> _Provided material_:
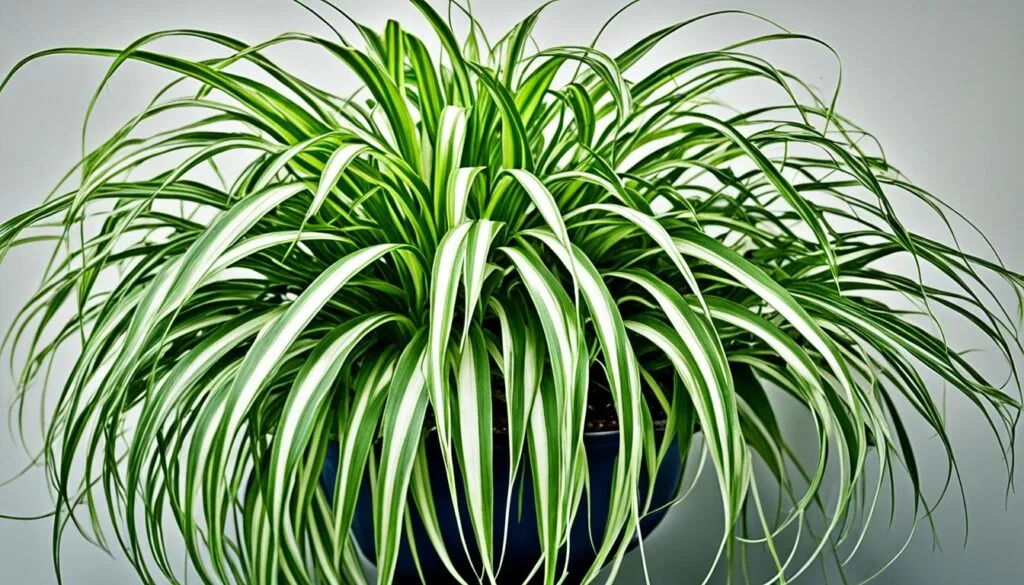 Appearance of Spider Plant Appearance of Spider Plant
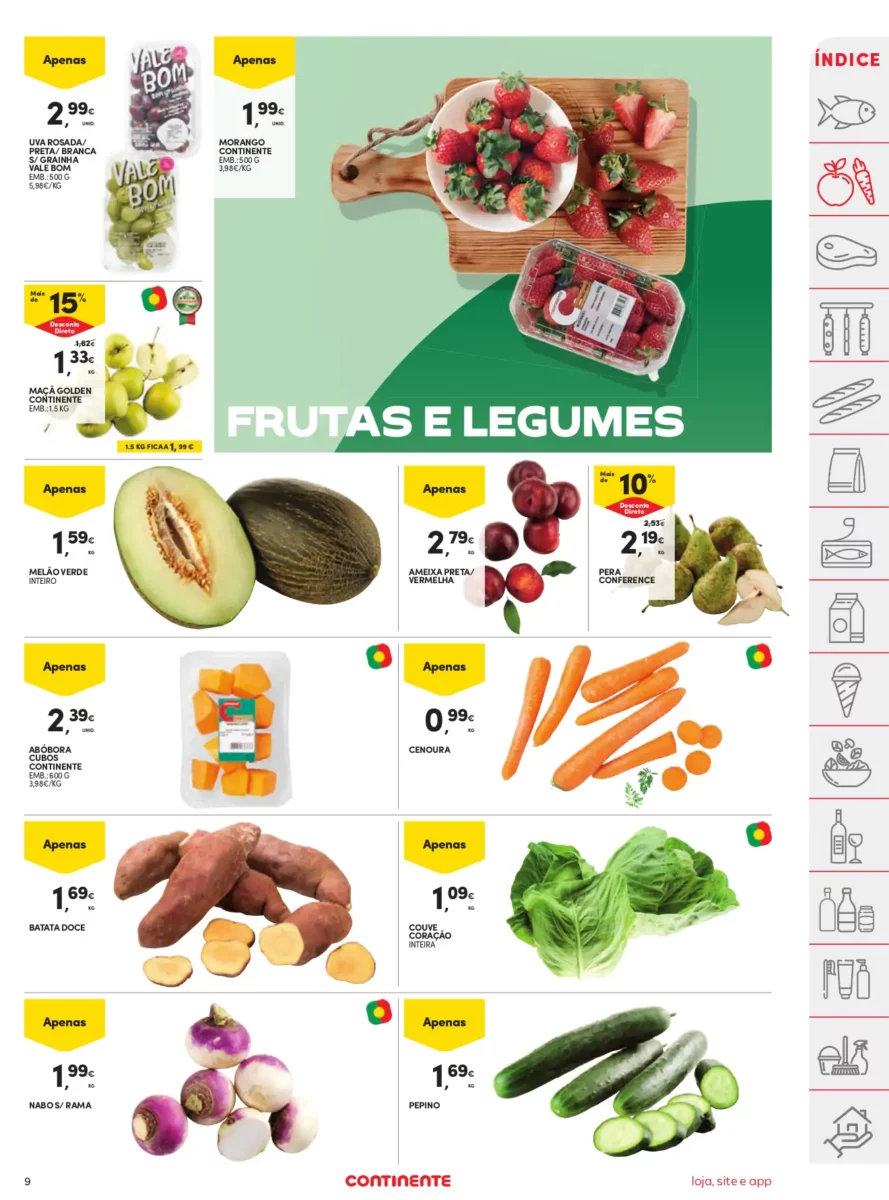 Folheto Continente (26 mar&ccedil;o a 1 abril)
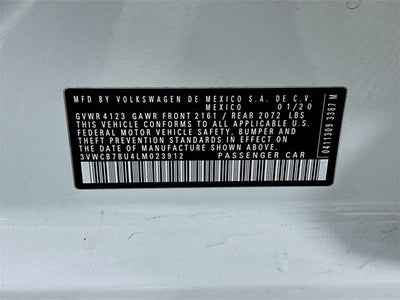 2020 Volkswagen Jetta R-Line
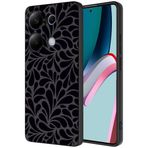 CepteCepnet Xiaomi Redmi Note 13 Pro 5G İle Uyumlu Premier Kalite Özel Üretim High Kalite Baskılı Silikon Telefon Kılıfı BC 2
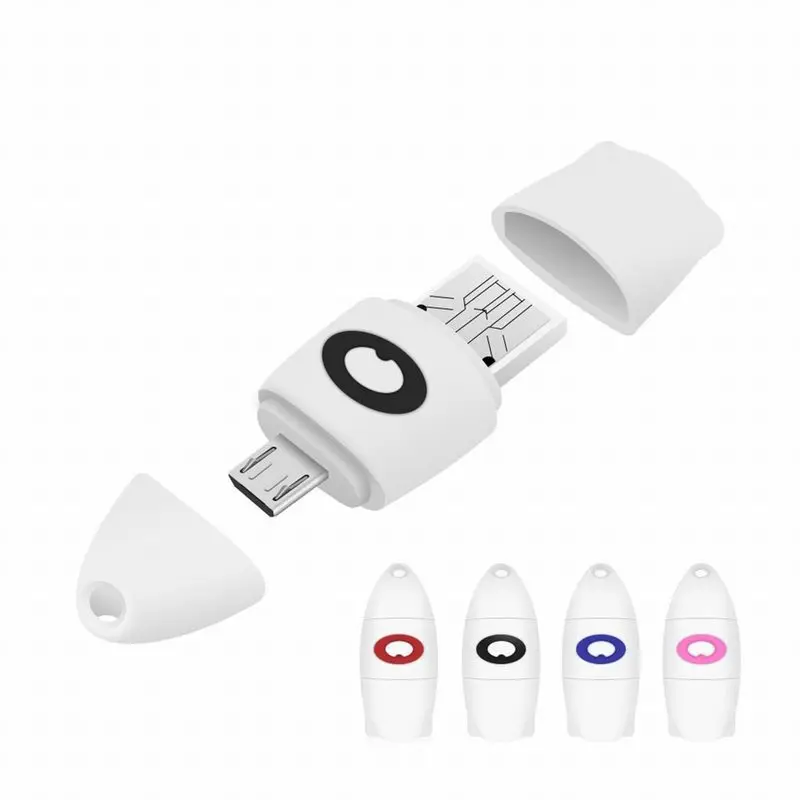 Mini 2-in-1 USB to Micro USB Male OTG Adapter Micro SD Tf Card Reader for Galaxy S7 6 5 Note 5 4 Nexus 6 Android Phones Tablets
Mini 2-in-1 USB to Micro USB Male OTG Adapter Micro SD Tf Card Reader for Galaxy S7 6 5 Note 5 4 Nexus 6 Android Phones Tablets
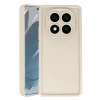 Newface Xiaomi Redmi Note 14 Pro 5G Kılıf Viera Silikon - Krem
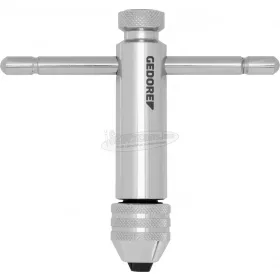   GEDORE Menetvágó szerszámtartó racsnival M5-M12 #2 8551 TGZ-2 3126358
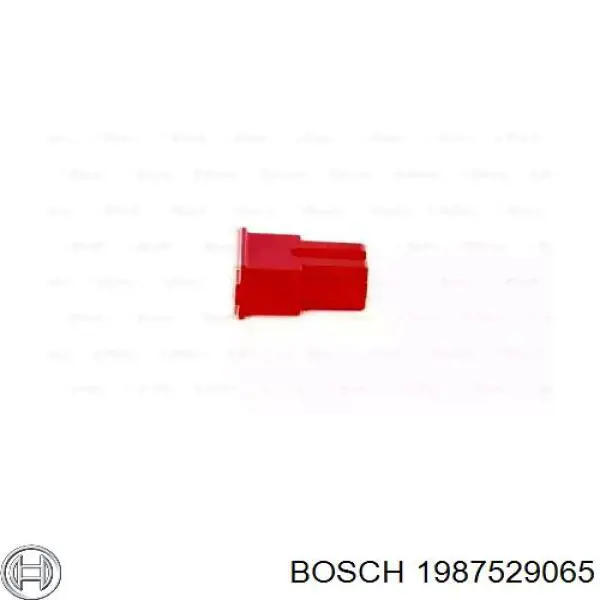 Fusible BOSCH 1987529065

--

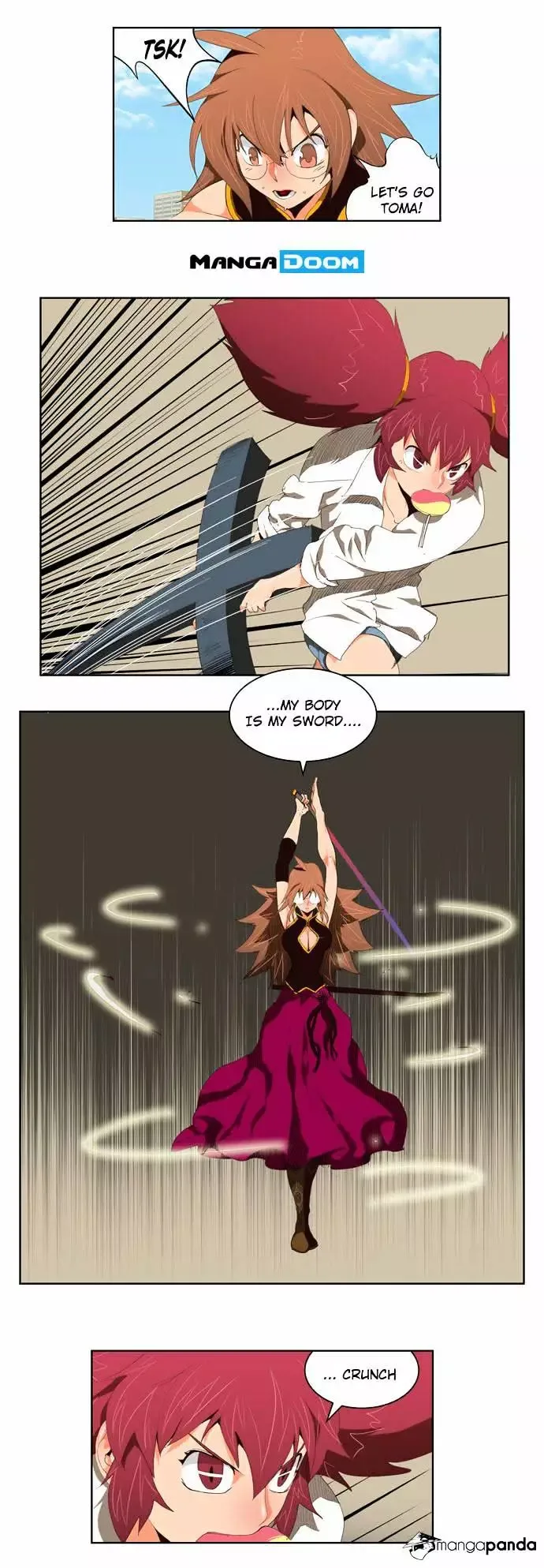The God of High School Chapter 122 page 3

* * *

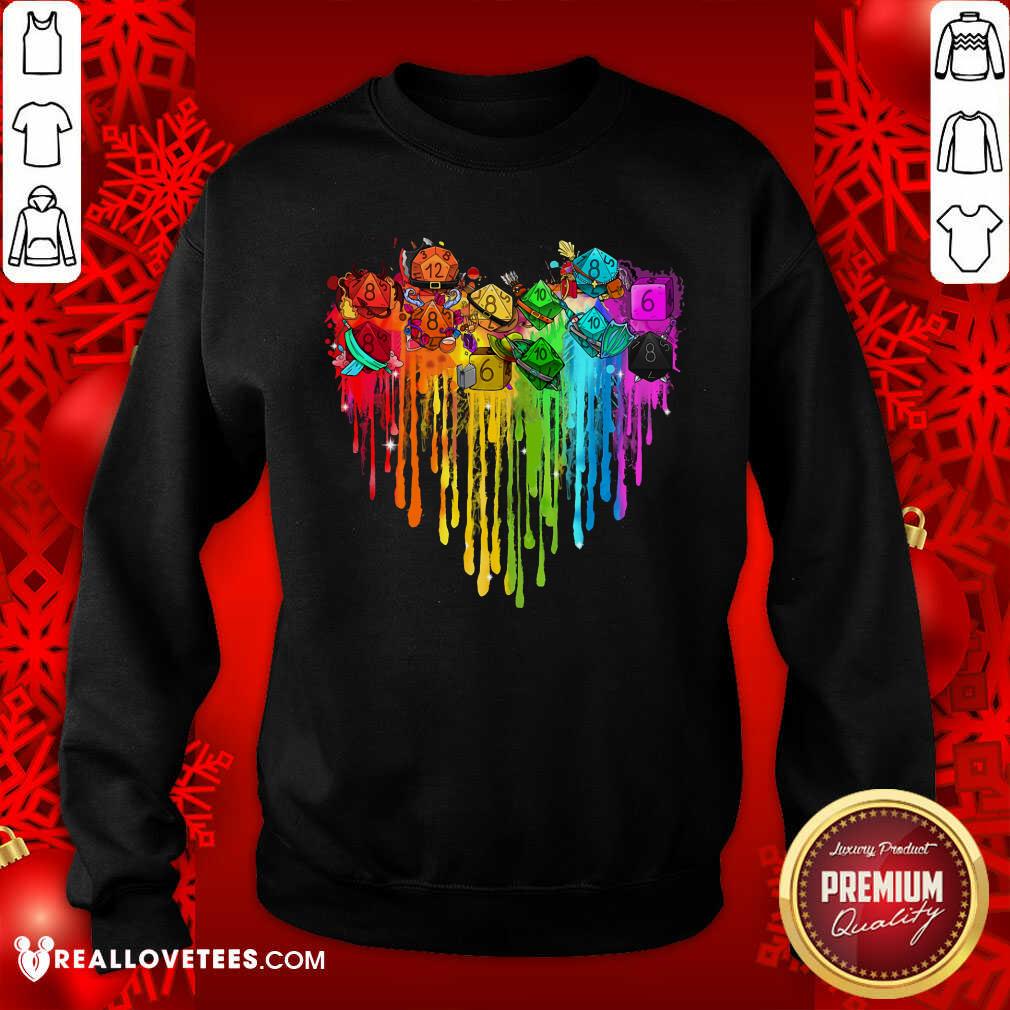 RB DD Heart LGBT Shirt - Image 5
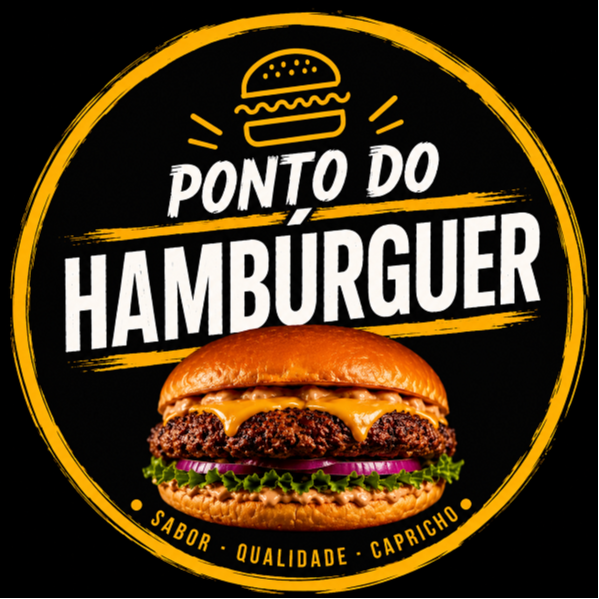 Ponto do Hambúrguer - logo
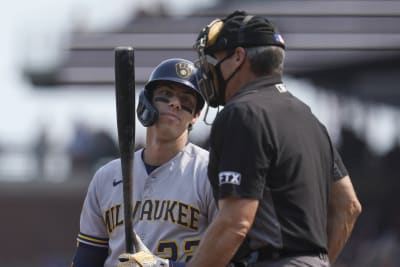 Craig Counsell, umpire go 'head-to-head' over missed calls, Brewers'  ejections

> _Task goal_: Every line above in the stretch from the one with "Appearance of Spider Plant Appearance" through the one with "Fusible BOSCH 1987529065" is to be transcribed exactly, ends included. No picture is copied.

> _Written solution_:
 Appearance of Spider Plant Appearance of Spider Plant
 Folheto Continente (26 mar&ccedil;o a 1 abril)
 2020 Volkswagen Jetta R-Line
 CepteCepnet Xiaomi Redmi Note 13 Pro 5G İle Uyumlu Premier Kalite Özel Üretim High Kalite Baskılı Silikon Telefon Kılıfı BC 2
 Mini 2-in-1 USB to Micro USB Male OTG Adapter Micro SD Tf Card Reader for Galaxy S7 6 5 Note 5 4 Nexus 6 Android Phones Tablets
Mini 2-in-1 USB to Micro USB Male OTG Adapter Micro SD Tf Card Reader for Galaxy S7 6 5 Note 5 4 Nexus 6 Android Phones Tablets
 Newface Xiaomi Redmi Note 14 Pro 5G Kılıf Viera Silikon - Krem
   GEDORE Menetvágó szerszámtartó racsnival M5-M12 #2 8551 TGZ-2 3126358
 Fusible BOSCH 1987529065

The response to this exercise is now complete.